Fox News Channel blowhard John Gibson asserts in his new book about alleged anti-Christmas bias that public schools in Plano, Texas, forbid students from wearing red and green at Christmas time. The claim has been repeated over and over by Fox correspondents. On Dec. 9, Jim Pinkerton, a Fox “news analyst,” repeated the Plano tale to Bill O’Reilly.
Guess what? It’s a crock. The Plano schools’ website contains a statement from Superintendent Doug Otto stating bluntly that this “rumor is not true.”
Noted Otto, “The school district does not restrict students or staff from wearing certain color clothes during holiday times or any other school days.” Otto instructed the school district’s attorney to write to O’Reilly and demand that he correct the error.
In the letter the attorney wrote, “It would be our hope that you would engage in fair and balanced reporting of this nationally recognized school district in the future.”
Sweet. The reference to “fair and balanced” is a nice touch.
Will O’Bully correct the record? Probably not. I don’t expect much from Fox these days. What does toast my Christmas cookies, however, is the number of legitimate news outlets that have repeated, and continue to repeat, this story uncritically. Every time a lazy reporter wants to do a “war on Christmas” story, Plano is included among the bulleted examples.

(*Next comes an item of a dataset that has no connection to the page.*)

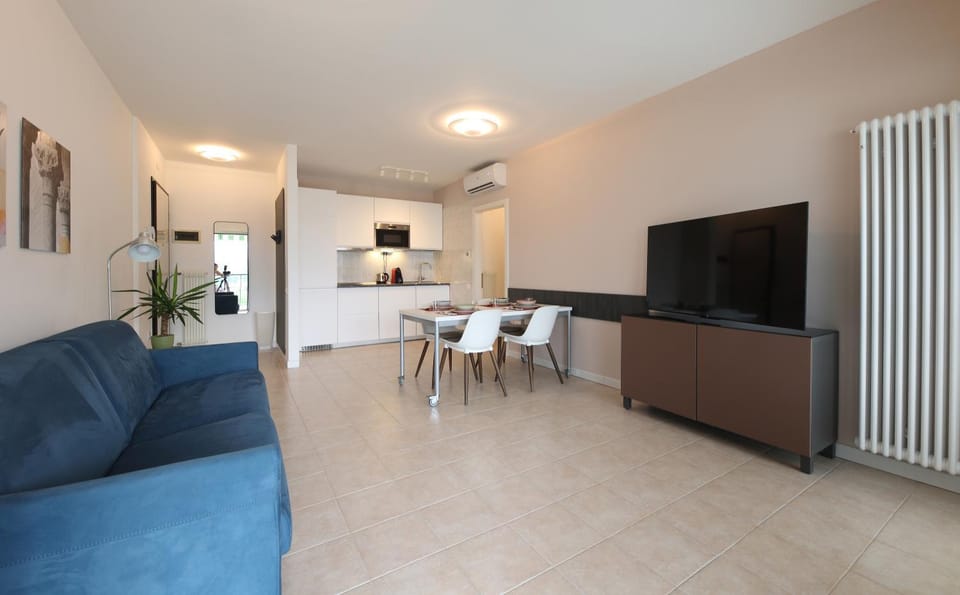 TV and multimedia, Kitchen or kitchenette, Living room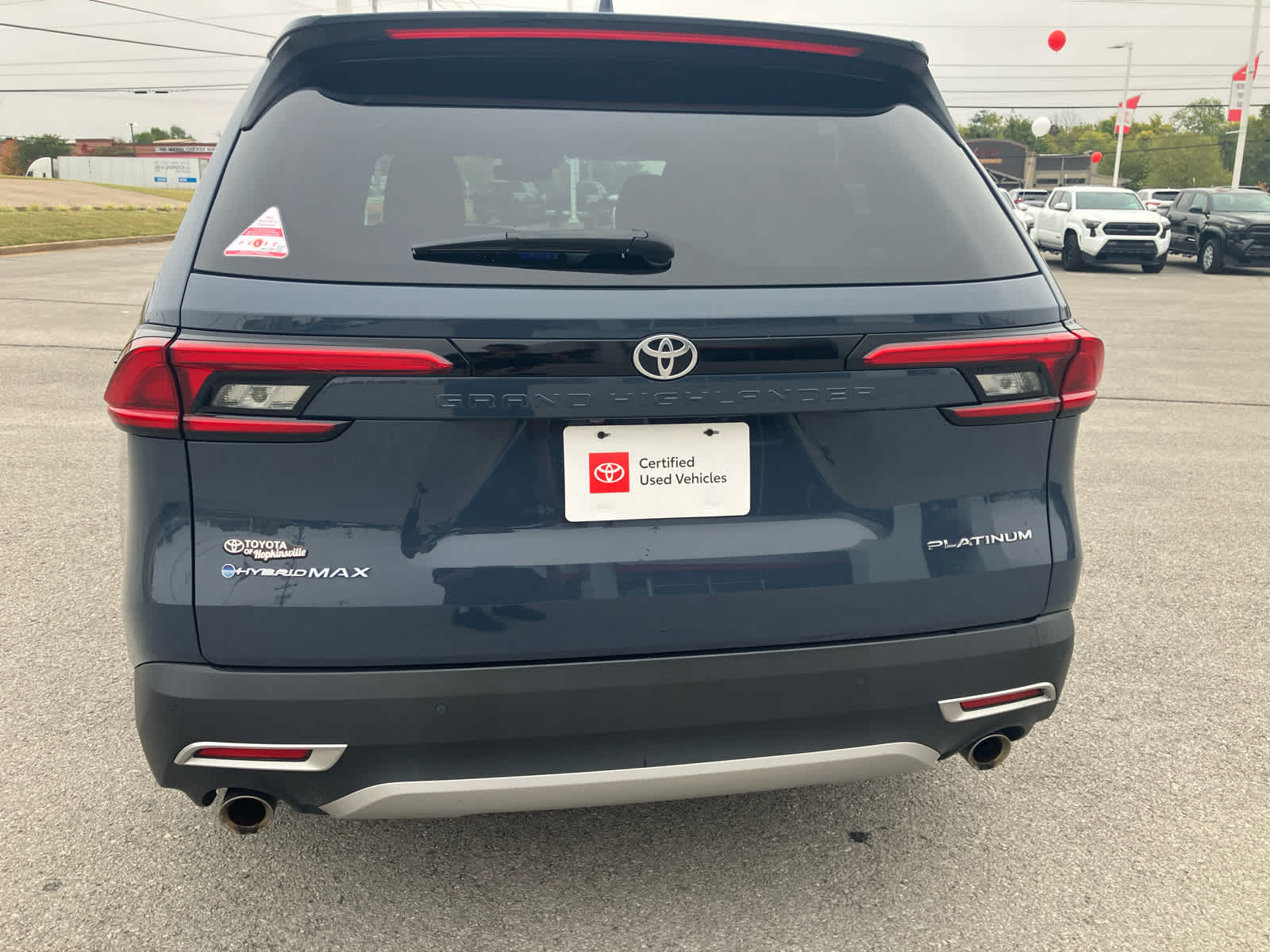 2024 Toyota Grand Highlander photo 10 of 43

Here’s a tip to my friends in the media: Just because something is all over the Web doesn’t mean it’s true. One of the tools journalists from the old school rely on to uncover the truth is the telephone. Use it.
The Web can be useful too, but the Web should supplement, not supplant, the telephone. In this case, it took me approximately 14 second to plug “Plano schools” into Google and learn the truth. But if the school had not posted anything, I was fully prepared to pick up the phone, call Plano and get the straight dope. It’s a journalist’s job to uncover the truth. When the right wing is spreading wild tales that sound suspicious, start digging.
I don’t expect O’Reilly and Gibson to behave like objective journalists interested in the truth because they are not; they’re demagogues. Legitimate news sources have no business helping those hysteria-mongers spread lies. Rather, they should be debunking them. Skepticism is among the most powerful tools in a journalist’s toolbox.
Next lesson from Morbo’s School of Journalism: Why allowing yourself to become “embedded” when covering a war is a really, really crummy idea.